Serves two purposes, clincing gives you a bit of rest and second but more importantly, it makes your opponent work harder.
Quickfire How to Clinch:
- Have your guard high and elbows close together (vital)
- Move towards your opponent with conviction
- Quickly hook both arms of your opponent just above the elbows
- Immediately pull him in close enough to share sweat
- Lean on them and do not let him open the distance
- Keep his lead leg between your legs
- Use his movement to balance yourself
Once the clinch is locked in make a conscious effort to control your energy output. Rest and focus on your breathing.
When you are leaning it’s important that your head is pushed hard and consistently on your opponent’s collarbone. Staying firmly attached in this position and not allowing the slightest opening between your head and their shoulder reduces the risk of an accidental head butt or shoulder to the face. Doing the clinch properly will reduce the risk of injuries.
When performing this move, for either strategy or survival, try to execute the move in different situations so your actions don’t become predictable.
The clinch should ultimately disrupt your opponent so mix it up – along the ropes, during attack or defence, in the centre or corner of the ring – be conscious of developing a habit or pattern that can be anticipated.
Don’t think you are going to be able to do this for long.
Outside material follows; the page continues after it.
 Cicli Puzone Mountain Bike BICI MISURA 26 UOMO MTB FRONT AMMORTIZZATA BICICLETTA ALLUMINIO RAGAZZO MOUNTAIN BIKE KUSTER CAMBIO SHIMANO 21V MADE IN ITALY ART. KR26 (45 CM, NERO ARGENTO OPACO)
In boxing it’s against the rules to hold or tie up your opponent and the referee will break you apart – but it can be just enough of a break if you are getting destroyed and need to stop the onslaught.
Knowing when best to execute a clinch to derail your opponent’s mental process is essential to having a good clinch game.
“ TIP: Performing a clinch drains a lot of energy and takes more effort than it would to simply get out of the path. So use it sparingly and strategically.
Whether you use it in your strategy or not, learning how to clinch is vital for sportsman who are aiming to become a competitive boxers.